The controversy apparently stems from an interview in which McGirt, a hall of fame fighter and widely regarded trainer, lambasted in no uncertain terms the former 126-pound titleholder, regarded as one of the ace talents in the sport and cornerstone of promoter Top Rank, saying that his accomplishments are the result of mere promotional machinations. In a word, Stevenson is being “protected.” 

“I love Shakur,” McGrit told Ahat Live. “I’ve known him since he was a kid. And I’m very happy for his success. But there’s an old saying that the old school guys say, and that is he’s protected. They’re putting him in with the right guys on paper, it’s supposed to look like a tough fight, but in reality, no.

“Why? because they’re building him up for that big fight. Because they know that once he gets there, with the opposition that he is facing, it’s a wrap.”

That big fight, according to McGirt, is with Teofimo Lopez, the current unified lightweight champion and Stevenson’s Top Rank stablemate. Lopez is coming off a banner 2020 with his defeat of heralded Vasiliy Lomachenko, an achievement that has garnered him near-unanimous Fighter of the Year honors from across the media landscape (including

McGirt believes the 23-year-old Stevenson, a current 130-pound contender, is simply being fattened for a clash with Lopez – and that clash, if it happens, won’t be pretty.
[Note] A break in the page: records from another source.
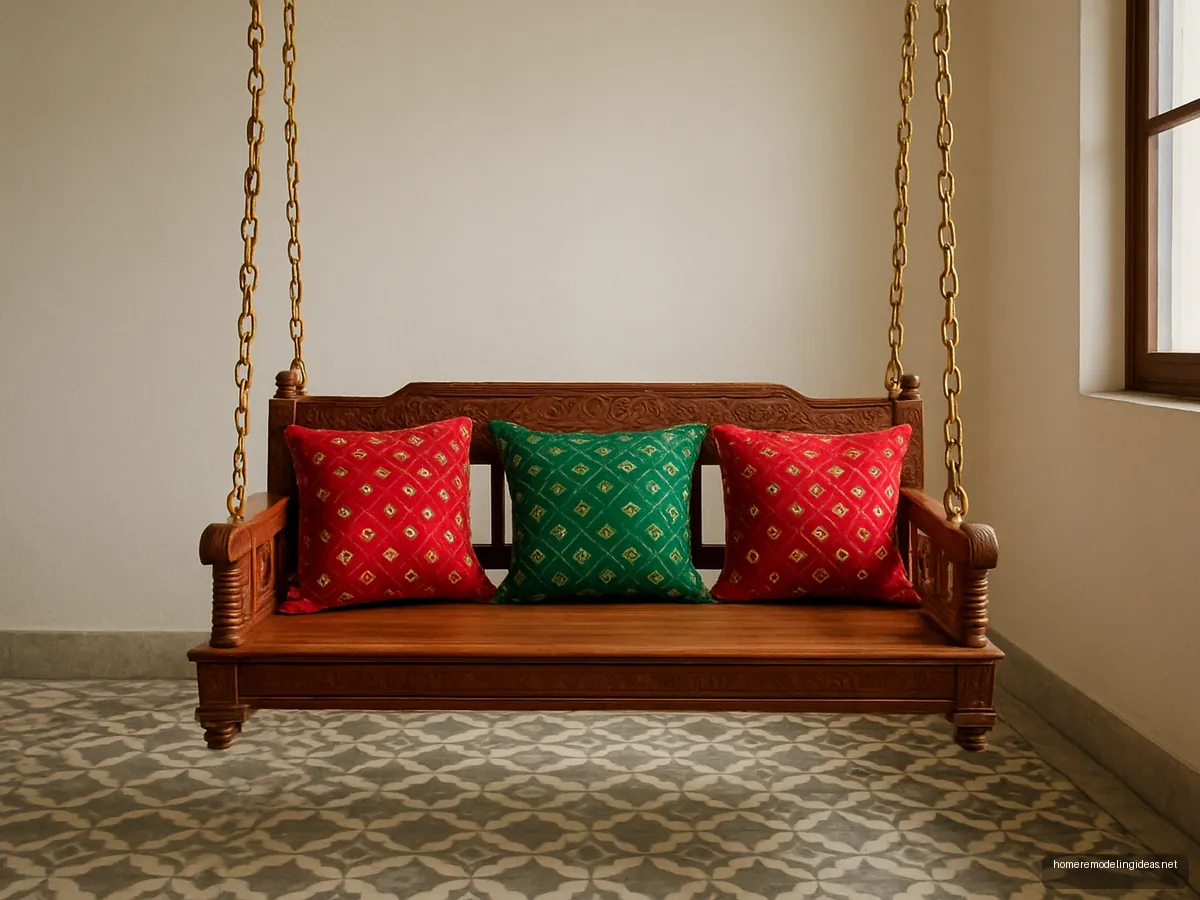 Wooden swing sofa with mirror-work cushions hung on brass chains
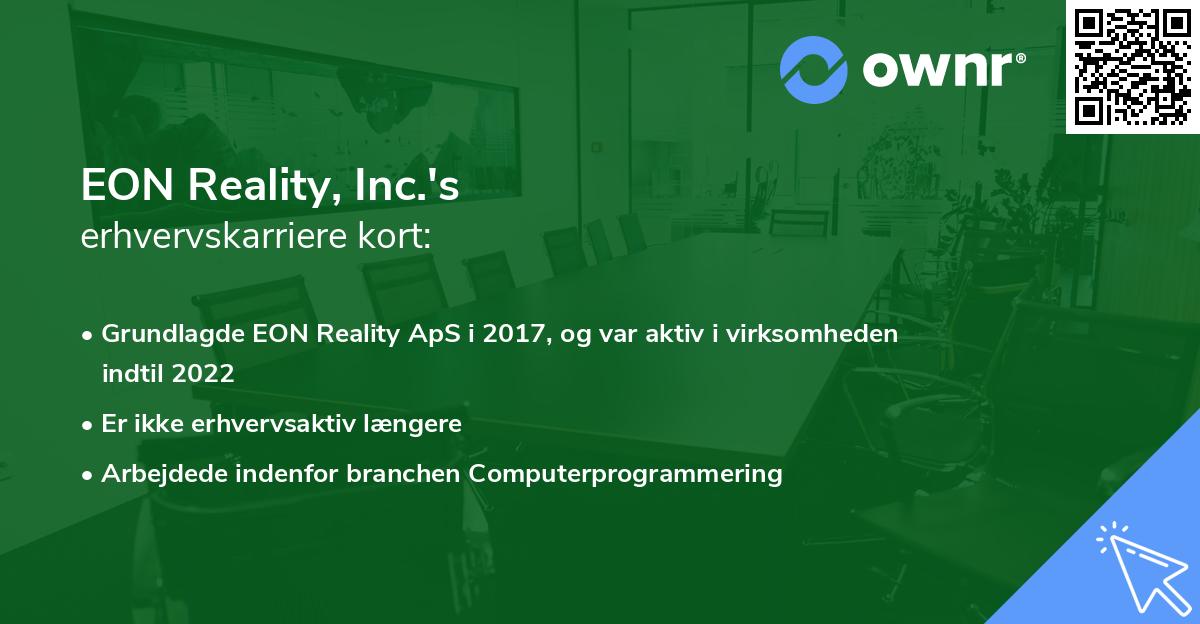 EON Reality, Inc.'s erhvervskarriere kort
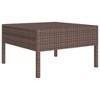 vidaXL Patio Lounge Set Outdoor Sectional Sofa Set Table Poly Rattan Brown - 3 of 4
“He’s not going to beat Teofimo,” McGirt said. “Teofimo’ll knock him out. I’m tellin’ ya, he’ll knock him out. I know Shakur very well. Teofimo will knock him out. I’ve watched that kid since he was a kid, Teofimo will knock him out in 6, 7 rounds. I love him. If he fights Teofimo, it ain’t gonna be pretty. Teofimo will stop him."  

“It’s nothing personal," McGirt continued, "but I know that they are protecting him. He’s fighting the right guys on paper, the fights like, ‘Wow, this guy’s tough’ – No. Guys’ not tough. He’s fighting the right guys. And that’s what they call, protecting your fighter. A lot of old time people do it. (Top Rank boss) Bob Arum is an old school promoter and he’s got a lot of old school guys working for him. Protect him, and then when you get to the big dance, you're on your own kid.”

The comments clearly touched a nerve. Soon thereafter Stevenson (15-0, 8 KOs) began firing shots from his Twitter account, attacking McGirt, among other things, for being a poor trainer and receiving what he feels is too much credit for re-inventing supposedly shot fighters. McGirt is known for turning around the careers of Arturo Gatti and most recently, Sergey Kovalev (who, admittedly, is on another downturn again).

“Buddy [McGirt] talk all that sh-t but steal everybody else fighter and act like he fixing some sh-t…when the last time u seen Buddy [McGirt] start a fighter from scratch?!??”

“Y’all gotta stop believing these dudes they throw in front of y’all are good coaches just because they say.. 9 times out of 10 ya home coach u started wit is better then the Buddy [McGirt] Man”

“His fat bald headed ass was a decent fighter but sorry every fighter I see him work wit end up losing and then losing again.. I don’t see him working wit no special fighters #Disrespectfully I don’t give af what y’all got to say either My opinion is my opinion.”

Asked to respond to Stevenson's comments, McGirt simply said, "The truth hurts. The truth hurts, baby."

McGirt was preparing Kovalev for his fight against Bektemir Melikuziev on Jan. 30. The fight was canceled after Kovalev failed a pre-fight drug test. Stevenson last fought in December, a dominant win against Toka Kahn Clary.